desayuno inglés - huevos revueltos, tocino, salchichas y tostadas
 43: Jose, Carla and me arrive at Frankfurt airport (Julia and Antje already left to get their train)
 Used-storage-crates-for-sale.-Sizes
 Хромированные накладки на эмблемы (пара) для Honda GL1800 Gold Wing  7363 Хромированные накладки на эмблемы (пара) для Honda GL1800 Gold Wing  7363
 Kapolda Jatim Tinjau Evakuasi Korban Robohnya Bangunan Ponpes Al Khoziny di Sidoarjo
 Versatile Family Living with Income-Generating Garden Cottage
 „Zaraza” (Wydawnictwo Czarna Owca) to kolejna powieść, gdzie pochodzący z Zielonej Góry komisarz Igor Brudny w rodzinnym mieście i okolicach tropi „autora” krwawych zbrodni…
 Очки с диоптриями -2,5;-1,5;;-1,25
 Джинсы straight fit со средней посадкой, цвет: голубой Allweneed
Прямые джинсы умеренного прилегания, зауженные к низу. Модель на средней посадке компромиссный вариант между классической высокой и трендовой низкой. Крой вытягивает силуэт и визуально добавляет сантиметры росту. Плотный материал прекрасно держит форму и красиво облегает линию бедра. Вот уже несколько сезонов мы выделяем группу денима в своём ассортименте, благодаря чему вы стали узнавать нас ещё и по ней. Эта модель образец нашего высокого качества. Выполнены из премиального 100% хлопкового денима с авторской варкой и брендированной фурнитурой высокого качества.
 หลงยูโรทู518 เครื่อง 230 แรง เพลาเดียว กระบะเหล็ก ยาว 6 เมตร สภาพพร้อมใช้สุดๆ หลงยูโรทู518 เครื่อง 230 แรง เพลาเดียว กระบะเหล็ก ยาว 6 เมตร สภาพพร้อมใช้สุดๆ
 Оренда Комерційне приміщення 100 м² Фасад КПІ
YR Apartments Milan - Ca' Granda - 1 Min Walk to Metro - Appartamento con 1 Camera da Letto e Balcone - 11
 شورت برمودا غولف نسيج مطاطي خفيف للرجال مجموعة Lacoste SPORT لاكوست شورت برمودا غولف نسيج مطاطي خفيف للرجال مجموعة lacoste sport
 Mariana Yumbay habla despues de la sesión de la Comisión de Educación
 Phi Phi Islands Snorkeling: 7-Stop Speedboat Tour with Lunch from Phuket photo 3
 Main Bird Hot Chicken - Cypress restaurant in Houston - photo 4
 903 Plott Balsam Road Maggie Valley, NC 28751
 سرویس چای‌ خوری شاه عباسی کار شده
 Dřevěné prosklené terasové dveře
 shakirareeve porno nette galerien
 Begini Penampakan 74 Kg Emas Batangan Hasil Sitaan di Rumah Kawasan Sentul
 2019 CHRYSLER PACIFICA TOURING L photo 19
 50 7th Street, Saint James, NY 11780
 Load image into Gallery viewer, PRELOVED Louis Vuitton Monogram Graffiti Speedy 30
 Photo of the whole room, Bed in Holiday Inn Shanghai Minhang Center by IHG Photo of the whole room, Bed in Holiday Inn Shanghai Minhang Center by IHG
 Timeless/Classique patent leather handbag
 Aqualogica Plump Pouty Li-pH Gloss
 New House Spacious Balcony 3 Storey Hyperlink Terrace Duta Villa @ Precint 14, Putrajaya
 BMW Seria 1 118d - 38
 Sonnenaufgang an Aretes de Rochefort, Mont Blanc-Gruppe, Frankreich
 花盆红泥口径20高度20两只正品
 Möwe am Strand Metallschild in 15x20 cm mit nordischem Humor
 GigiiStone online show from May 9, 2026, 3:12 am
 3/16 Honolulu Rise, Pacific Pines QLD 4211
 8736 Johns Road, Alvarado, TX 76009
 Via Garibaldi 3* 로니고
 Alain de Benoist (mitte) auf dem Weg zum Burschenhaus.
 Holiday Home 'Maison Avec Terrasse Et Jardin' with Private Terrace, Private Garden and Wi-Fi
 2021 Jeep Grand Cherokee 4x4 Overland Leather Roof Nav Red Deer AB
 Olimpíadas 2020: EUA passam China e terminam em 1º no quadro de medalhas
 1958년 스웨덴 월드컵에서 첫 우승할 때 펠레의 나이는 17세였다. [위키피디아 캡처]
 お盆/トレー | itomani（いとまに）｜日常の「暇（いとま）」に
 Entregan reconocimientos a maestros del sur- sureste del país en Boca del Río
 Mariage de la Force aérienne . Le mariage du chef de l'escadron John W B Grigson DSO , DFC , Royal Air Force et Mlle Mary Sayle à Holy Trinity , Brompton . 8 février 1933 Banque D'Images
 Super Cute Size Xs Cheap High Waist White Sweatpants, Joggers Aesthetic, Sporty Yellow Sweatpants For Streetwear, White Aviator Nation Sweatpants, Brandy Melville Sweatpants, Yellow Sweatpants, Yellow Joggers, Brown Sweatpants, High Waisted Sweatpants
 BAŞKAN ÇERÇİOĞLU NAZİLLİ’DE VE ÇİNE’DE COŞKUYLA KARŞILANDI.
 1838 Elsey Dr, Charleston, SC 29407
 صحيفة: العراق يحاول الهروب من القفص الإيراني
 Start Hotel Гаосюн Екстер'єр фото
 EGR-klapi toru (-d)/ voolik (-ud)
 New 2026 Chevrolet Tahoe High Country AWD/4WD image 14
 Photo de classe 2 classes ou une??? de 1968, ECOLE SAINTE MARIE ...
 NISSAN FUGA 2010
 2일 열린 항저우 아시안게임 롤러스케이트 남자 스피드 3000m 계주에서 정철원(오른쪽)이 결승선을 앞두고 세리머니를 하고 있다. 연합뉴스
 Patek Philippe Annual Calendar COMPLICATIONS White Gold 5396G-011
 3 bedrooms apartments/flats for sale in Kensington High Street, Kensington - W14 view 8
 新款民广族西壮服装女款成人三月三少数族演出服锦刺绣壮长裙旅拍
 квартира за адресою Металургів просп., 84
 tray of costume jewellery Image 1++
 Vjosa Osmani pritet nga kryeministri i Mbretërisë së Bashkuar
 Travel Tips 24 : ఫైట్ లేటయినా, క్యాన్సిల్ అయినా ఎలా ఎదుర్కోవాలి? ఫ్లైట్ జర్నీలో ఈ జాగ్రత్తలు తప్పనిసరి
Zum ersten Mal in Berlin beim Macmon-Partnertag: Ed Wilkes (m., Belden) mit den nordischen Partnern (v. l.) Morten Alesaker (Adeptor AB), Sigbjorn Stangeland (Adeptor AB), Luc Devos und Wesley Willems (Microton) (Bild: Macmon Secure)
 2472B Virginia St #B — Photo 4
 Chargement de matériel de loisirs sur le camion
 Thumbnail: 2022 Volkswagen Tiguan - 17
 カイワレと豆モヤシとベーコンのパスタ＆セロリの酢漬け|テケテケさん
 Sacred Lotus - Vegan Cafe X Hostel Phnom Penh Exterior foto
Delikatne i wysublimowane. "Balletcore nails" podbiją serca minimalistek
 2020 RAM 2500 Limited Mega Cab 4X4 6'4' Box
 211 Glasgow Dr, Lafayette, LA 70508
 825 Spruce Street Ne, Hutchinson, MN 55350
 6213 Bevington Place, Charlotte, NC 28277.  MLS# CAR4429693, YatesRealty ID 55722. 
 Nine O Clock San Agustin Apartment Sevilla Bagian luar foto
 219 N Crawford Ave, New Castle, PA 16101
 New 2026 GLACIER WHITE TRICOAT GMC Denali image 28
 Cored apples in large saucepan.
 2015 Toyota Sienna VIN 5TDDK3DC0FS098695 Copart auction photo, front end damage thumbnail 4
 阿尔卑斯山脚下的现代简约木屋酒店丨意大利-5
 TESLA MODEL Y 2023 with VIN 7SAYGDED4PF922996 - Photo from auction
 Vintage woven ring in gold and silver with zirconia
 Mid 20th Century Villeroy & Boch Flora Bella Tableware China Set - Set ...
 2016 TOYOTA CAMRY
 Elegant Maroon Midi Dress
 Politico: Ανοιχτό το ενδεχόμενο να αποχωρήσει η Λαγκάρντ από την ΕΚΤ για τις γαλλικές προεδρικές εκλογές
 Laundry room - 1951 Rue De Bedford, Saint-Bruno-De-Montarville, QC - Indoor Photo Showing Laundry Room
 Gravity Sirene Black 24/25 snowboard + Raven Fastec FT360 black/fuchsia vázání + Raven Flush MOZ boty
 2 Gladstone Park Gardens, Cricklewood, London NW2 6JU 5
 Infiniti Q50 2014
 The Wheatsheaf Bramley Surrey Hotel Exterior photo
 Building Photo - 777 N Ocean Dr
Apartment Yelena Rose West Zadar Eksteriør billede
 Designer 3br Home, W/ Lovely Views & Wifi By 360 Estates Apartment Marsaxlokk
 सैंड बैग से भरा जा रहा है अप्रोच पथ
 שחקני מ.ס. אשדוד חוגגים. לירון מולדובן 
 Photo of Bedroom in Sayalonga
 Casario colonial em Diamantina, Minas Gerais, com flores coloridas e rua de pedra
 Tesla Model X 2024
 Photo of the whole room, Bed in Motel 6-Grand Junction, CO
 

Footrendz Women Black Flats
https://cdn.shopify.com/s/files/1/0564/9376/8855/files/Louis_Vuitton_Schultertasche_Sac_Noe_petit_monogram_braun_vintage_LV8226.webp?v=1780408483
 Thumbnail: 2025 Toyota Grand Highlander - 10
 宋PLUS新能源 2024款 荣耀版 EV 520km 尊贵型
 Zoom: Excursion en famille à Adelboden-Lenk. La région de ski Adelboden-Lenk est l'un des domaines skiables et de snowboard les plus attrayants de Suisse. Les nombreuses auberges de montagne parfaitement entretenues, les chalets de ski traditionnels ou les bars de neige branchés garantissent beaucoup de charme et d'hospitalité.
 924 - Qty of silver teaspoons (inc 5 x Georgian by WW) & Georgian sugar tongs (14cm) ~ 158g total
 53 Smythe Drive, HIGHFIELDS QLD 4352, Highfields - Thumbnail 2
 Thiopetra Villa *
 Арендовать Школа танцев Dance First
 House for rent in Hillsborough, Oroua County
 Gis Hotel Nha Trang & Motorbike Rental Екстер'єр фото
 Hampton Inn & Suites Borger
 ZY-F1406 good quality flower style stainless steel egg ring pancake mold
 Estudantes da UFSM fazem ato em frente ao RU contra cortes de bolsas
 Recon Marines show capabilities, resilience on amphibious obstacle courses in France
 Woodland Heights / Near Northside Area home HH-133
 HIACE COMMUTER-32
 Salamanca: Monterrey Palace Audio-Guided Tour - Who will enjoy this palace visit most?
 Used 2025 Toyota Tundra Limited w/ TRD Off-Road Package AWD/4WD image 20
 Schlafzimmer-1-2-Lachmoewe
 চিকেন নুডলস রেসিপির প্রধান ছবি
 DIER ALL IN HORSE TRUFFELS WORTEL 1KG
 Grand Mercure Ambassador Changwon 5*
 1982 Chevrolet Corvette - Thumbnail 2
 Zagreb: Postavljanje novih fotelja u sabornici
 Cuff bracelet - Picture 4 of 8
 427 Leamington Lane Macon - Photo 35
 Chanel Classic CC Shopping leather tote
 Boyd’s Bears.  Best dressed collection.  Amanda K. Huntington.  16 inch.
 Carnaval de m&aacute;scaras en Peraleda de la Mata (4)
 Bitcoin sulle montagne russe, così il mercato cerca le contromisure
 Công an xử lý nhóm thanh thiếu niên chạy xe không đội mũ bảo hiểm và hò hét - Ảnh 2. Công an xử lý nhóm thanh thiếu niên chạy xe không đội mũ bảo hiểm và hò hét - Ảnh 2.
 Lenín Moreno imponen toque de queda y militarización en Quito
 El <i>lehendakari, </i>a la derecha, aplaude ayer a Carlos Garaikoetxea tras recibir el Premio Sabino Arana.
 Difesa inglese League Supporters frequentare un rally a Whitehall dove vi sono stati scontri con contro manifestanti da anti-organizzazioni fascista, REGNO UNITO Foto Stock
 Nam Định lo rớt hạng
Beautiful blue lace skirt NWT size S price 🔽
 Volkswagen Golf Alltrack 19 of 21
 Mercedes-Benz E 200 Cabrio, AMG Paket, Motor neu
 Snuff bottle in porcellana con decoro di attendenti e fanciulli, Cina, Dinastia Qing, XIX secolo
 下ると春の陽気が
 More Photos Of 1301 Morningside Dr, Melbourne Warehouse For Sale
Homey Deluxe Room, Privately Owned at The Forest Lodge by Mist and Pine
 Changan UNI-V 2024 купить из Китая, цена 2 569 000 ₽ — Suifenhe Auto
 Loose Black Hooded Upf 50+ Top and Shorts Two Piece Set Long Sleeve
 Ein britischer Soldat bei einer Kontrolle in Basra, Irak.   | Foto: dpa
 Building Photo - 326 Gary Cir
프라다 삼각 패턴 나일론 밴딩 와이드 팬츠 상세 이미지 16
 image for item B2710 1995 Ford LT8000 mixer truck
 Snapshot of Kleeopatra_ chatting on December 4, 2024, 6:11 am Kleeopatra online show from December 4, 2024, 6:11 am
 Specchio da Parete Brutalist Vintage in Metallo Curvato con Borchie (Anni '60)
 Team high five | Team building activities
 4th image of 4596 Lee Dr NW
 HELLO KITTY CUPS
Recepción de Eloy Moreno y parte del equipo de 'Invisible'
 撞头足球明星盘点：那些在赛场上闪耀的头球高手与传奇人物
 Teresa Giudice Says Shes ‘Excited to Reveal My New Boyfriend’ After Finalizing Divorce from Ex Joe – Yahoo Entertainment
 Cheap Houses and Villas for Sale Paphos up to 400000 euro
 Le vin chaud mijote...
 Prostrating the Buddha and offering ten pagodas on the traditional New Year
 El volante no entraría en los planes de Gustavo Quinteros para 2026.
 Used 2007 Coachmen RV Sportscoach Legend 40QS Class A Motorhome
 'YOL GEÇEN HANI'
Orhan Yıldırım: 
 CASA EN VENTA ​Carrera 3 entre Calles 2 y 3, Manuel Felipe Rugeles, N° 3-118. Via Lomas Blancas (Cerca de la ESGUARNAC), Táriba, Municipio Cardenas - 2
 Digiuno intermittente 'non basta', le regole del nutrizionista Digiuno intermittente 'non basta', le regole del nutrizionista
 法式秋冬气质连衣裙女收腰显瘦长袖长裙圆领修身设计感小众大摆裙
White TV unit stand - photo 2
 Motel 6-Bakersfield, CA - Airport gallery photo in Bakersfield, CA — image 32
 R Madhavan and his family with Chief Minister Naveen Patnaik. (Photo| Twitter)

-----

• TASK INSTRUCTIONS
Copy every line of the listing containing the string "Екстер".

• ANSWER TO THE EXERCISE
 Start Hotel Гаосюн Екстер'єр фото
 Gis Hotel Nha Trang & Motorbike Rental Екстер'єр фото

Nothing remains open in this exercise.